These included refunds amounting to Rs 606 million in 455 income tax cases, Rs 570 million in 107 sales tax cases, and Rs 81 million in 15 customs cases. The highest amount of refund issued in a single income tax case, sales tax case and customs case was Rs 143.31 million, Rs 143.7 million and Rs 40.19 million respectively.
The statement further said that the taxpayers also received a sum of Rs 6.16 million in compensation for delayed payment of refunds in 81 cases.
In addition, under his suo moto jurisdiction, the FTO got settled 181,880 duty draw-back customs cases involving refunds of Rs 6.63 billion during 2011 as against 194,056 duty draw-back cases involving refunds of Rs 4.9 billion in 2010.
It was worth noting that Rs 7.89 billion that the taxpayers received due to the intervention of FTO during 2011 was almost 4 times of the total amount that they got during 2000-2009, and 36 times of the average per annum the taxpayers received during the same ten-year period.
Another milestone that the FTO was able to achieve during 2011 was in terms of disposal time of complaints.
The average time taken to decide a complaint was exceptionally brought down to 60 days, as compared to 67 days for 2010 and 117 days for 2009. There was no Ombudsman office in the world which had achieved such a high level of efficiency in handling taxpayers’ complaints.
Under his thematic approach, FTO declared 2011 as the ‘year of implementation’.
With exceptional effort, FTO’s decisions in as many as 760 cases got implemented by the Federal Board of Revenue during 2011, as compared to 331 cases during 2010 and 170 cases during 2009.
In other words, the number of decisions got implemented during 2011 was 2.3 times as much as for 2010. More specifically, the implemented decisions pertained to recommendations issued in 2011 (222), 2010 (425), 2009 (48), 2008 (52), 2007 (6), 2006 (2), 2005 (2), 2003 (1) and 2002 (2).
In 2011, the FTO received 1390 individual taxpayer complaints of which 706 (50.80%) pertained to income tax, 349 (25.10%) to customs, 328 (23.60%) to sales tax, and 7 (0.50%) to Federal Excise Duty. Of these, 1218 (87.63%) complaints were decided by 31st December 2011.
Of the decided complaints, 1053 (86.45%) ended up in favor of taxpayers.

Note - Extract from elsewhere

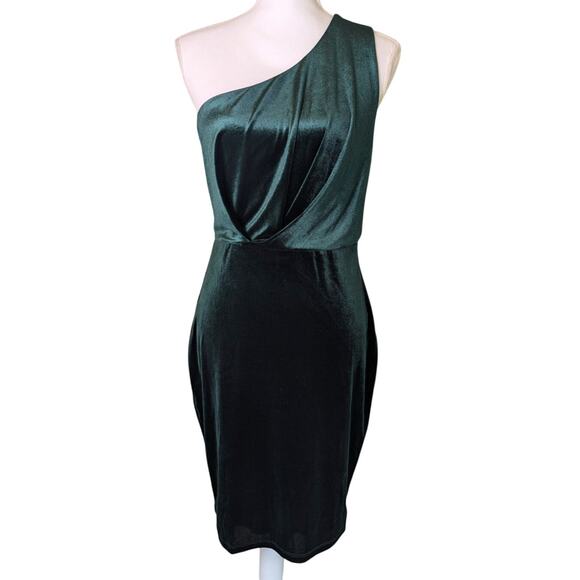 Lulus Candlelit Dark Emerald Green Velvet One Shoulder Bodycon Dress Women Sz M - Picture 1 of 16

For the first time in the history of FTO, the taxpayers’ grievances in as many as 370 complaints filed during 2011 were got redressed during the investigation phase.
The focus was shifted to getting the disputes resolved, from issuing Recommendations at the end of investigation. Out of Recommendation issued in 683 complaints during 2011, FBR implemented 222 cases and filed representations in 211 cases. In addition, 184 complaints pending from 2010 were also disposed of by March 31, 2011.
In early 2011 the FTO submitted the `Container Scam’ investigation report to the Supreme Court.
The scam turned out to be `mother of all scams’.
The ongoing follow-up investigation led to detection of at least 28,802 commercial containers and a further 3,542 containers imported in the name of ISAF/NATO that went `missing’ during the period January 2007 to October 2010, and the numbers are still rising.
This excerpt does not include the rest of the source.